In U.S. data released Tuesday, the S&P Case-Shiller’s 20-city home price index rose at annual rate of 19.7% in August. The Conference Board’s October reading on consumer confidence rose to 113.8 from a revised 109.3 in the prior month.
Data due this week includes September durable-goods orders on Wednesday, weekly jobless benefit claims on Thursday, along with the first estimate of third-quarter gross domestic product. Friday brings personal income and spending data, as well as the Fed’s favorite inflation measure — the core personal consumption expenditures price index.
What are analysts saying?
- “The flattening of the yield curve is the message the market is sending suggesting the Fed will get control of inflation, ultimately, or that we could be at peak U.S. growth which in turn points to more contained inflationary pressures. A flatter yield curve signals the Fed may not be getting very far with rate hikes,” said Jack McIntyre, who helps oversee about $67 billion at Brandywine Global Investment Management in Philadelphia.

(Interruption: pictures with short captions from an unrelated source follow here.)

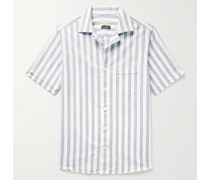 Glanshirt Hemd aus gestreiftem Baumwoll-Oxford mit Reverskragen
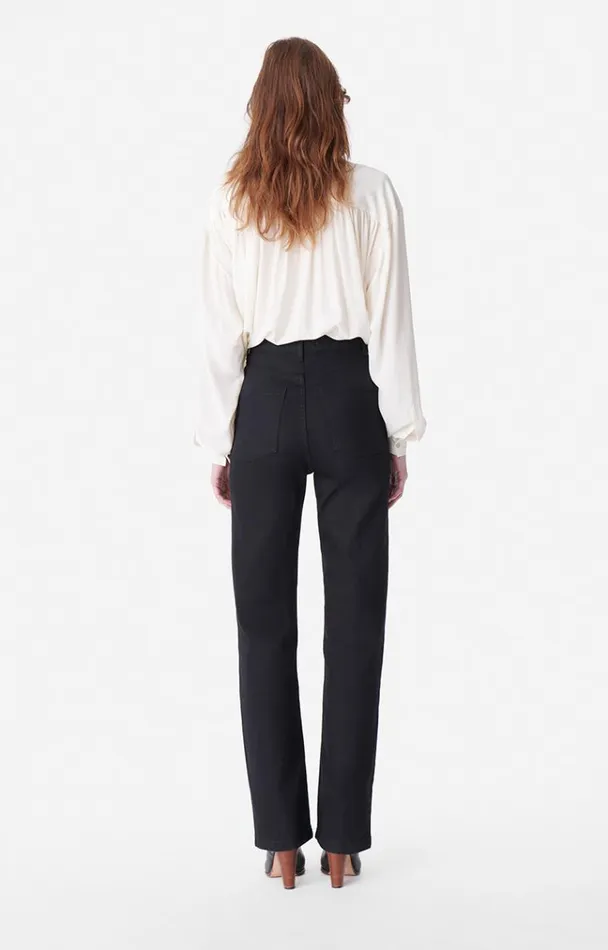 Vanessa Bruno Denim Women Og Jeans Noir Vanessa Bruno Denim Women Og Jeans Noir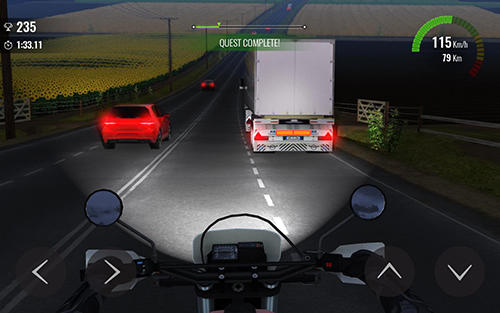 Gameplay screenshot from moto traffic race 2 for Android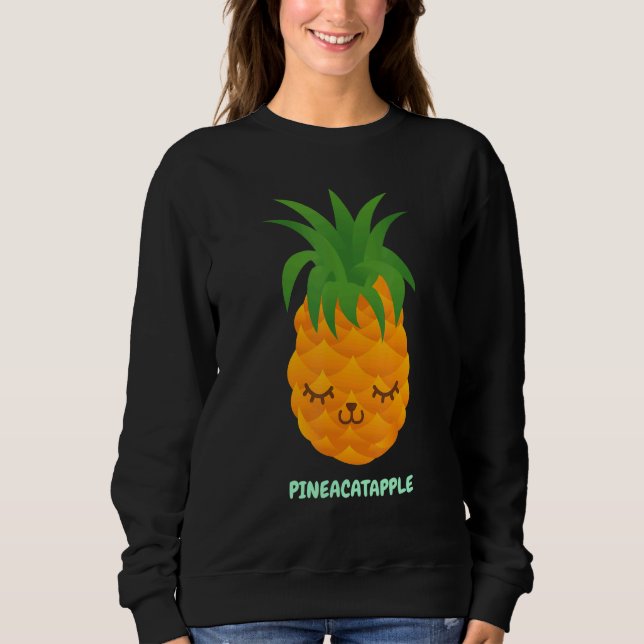 Ananas-Katze Sweatshirt (Vorderseite)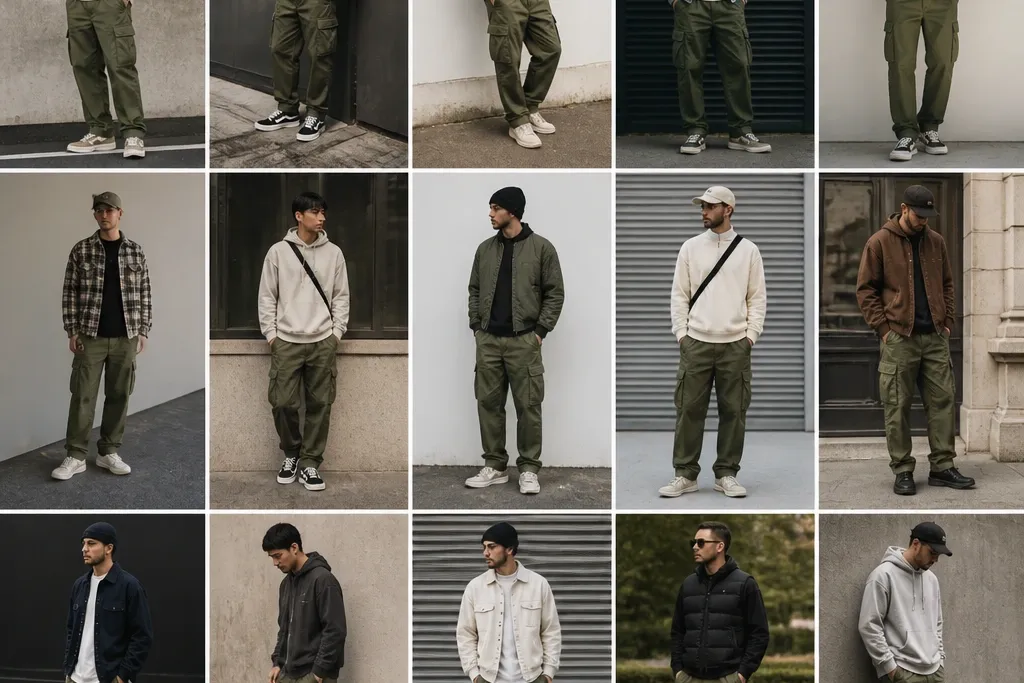 19 Green Cargo Pants Outfit Men Streetwear Ideas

- “Recent flattening in the yield curve and nominal rate rises are implying that expectations for the Fed’s rate lift-off have moved earlier and that growth expectations remain sluggish,” said David Gagnon, a San Diego-based managing director and head of U.S. Treasury trading for Academy Securities.
- Via phone on Tuesday, Gagnon said that “the market is not so worried about long-term inflation versus short-run,” as indicated by the forward breakeven inflation curve, “and is more worried about growth for now as indicated by negative real yields. In the long end, demand for duration remains strong from investors and to a lessor degree central banks; however, with Fed tapering expected to start soon, this could change.”